Menurut Anwar, selama ini anggota legislatif leluasa menggunakan kewenangannya yang rawan disalahgunakan itu. Untuk itu, penting pengawasan dari negara. KPK, misalnya, dapat melakukan pengawasan harian terhadap anggota DPR atau DPRD untuk bisa melacak potensi-potensi korupsi.
”Sebab, kejadian suap seperti ini tidak akan terbaca saat audit oleh Badan Pemeriksa Keuangan (BPK). Maka dari itu, KPK bisa menggunakan jejaring di daerah dan melibatkan masyarakat sipil untuk pengawasan. Selain itu, buka juga ruang agar publik bisa melaporkan temuannya ke KPK,” ujar Anwar.
Adapun Koordinator Indonesia Corruption Watch (ICW) Agus Sunaryanto mengatakan, kasus suap yang melibatkan Sahat bukan fenomena umum, melainkan juga bukan kasus yang pertama kali terjadi. Dari catatan ICW, setidaknya ada delapan kasus serupa di sejumlah daerah dalam lima tahun terakhir.
Agus menjelaskan, varian kasusnya pun bermacam-macam dengan modus yang juga bervariatif. Sebab, mengejar keuntungan ekonomi, anggota legislatif juga bisa meraih keuntungan politik. Misalnya, dana hibah sengaja dialokasikan untuk membiayai daerah pemilihan. Ini rentan terjadi, terutama menjelang Pemilu 2024.
Lantaran kasus serupa terus terjadi, Agus pun mempertanyakan soal upaya pemerintah memperbaiki sistem. Selain itu, ia mempertanyakan pengawasan dalam proses politik di DPRD yang, menurut dia, memang rawan penyimpangan.

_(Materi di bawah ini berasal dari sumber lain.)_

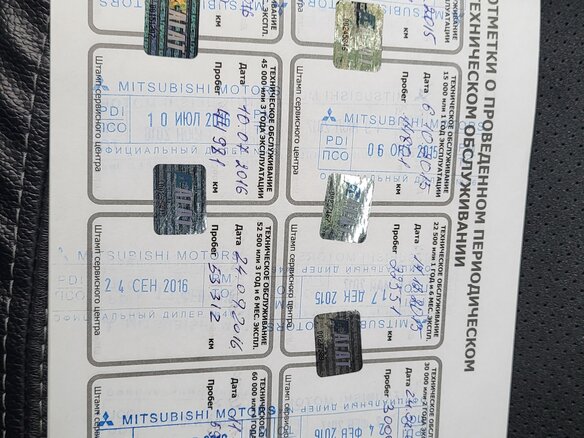 2015 Mitsubishi Outlander III Рестайлинг 2, чёрный, 1350000 рублей - вид 18
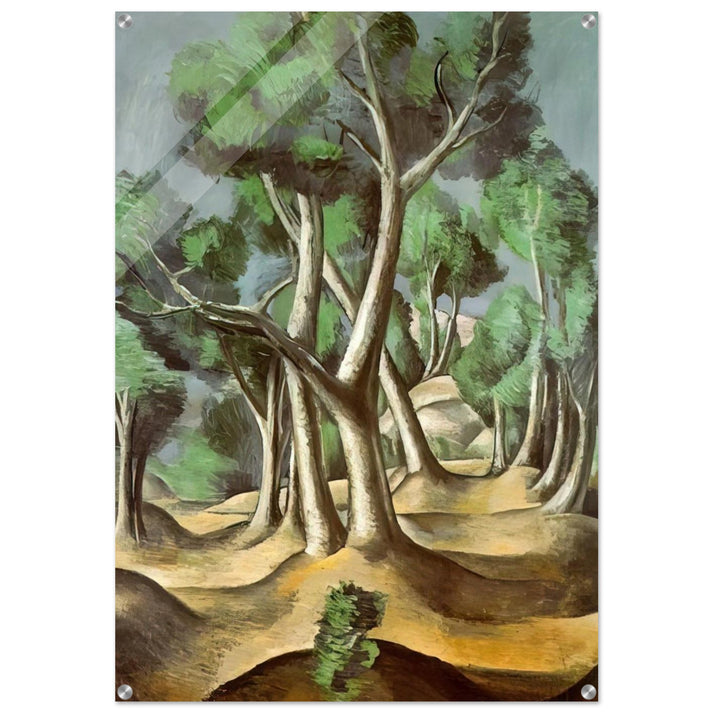 THE GROVE 1912 - Andre Derain Acrylic Print - 70x100 cm / 28x40″ inches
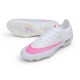 Scarpe da Calcio Nike Mercurial Vapor XVII Elite FG CR7 Bianco Rosa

Ia pun meminta KPK menelurusi secara menyeluruh, tidak hanya legislatif, tetapi eksekutif.
”Karena pembahasan anggaran, kan, bersama eksekutif. Usulan diberikan kelompok masyarakat ke kepala daerah, lalu daerah meminta evaluasi dari satuan kerja perangkat daerah (SKPD), baru kemudian diajukan ke DPRD. Maka dari itu, perlu dilihat secara menyeluruh,” ucap Agus.